Nina did not return to the stage until April 19, 2007, in a memorable Swan Lake with SBG in Tbilisi (see review section).  Meanwhile, the doting new mother nurtured her child and Georgia’s reinvigorated ballet company. She rejoined ABT at the Metropolitan Opera for its spring season, dancing her accustomed roles and particularly, Odette/Odile with glorious technical command and artistry. She also led SBG in its first U.S. appearances---the company was seen in Swan Lake at the Spoleto Festival, Giselle in upstate New York and, at Jacob’s Pillow, a mixed bill of Mozartiana, Second Before the Ground and a Grand Divertissement from Don Quixote.


A tour of Japan in summer 2007 (with Swan Lake and Don Quixote) was followed by another SBG tour of the U.S. in winter 2008, highlighted by performances at New York’s Brooklyn Academy of Music (See Review).

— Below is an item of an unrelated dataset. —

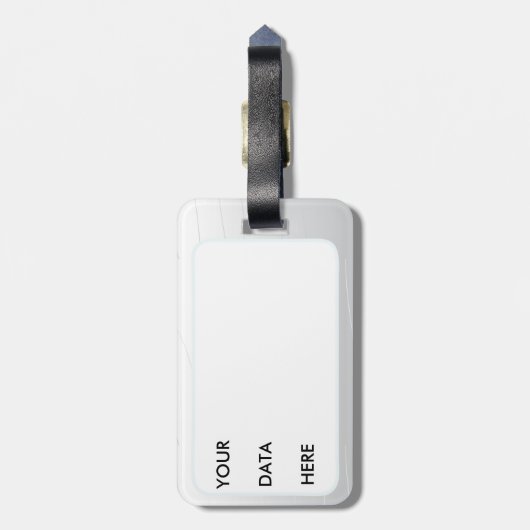 Hotpink Dragon Japanischer Drache Weißer Hintergru Gepäckanhänger (Rückseite vertikal)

The program at BAM included new works by Ratmansky (Bizet Variations) and Yuri Possokhov (Sagalobeli). 

During the regular season in Tbilisi, the company added more Ashton ballets to its repertory (May 2008; See Photos), including Marguerite and Armand, originally created for Margot Fonteyn and Rudolf Nureyev. Thus, Nina joined the handful of ballerinas who have been privileged to dance Marguerite after Fonteyn. By August, the company was on the road again----representing Georgia at Scotland’s Edinburgh Festival, where Nina danced two Giselles.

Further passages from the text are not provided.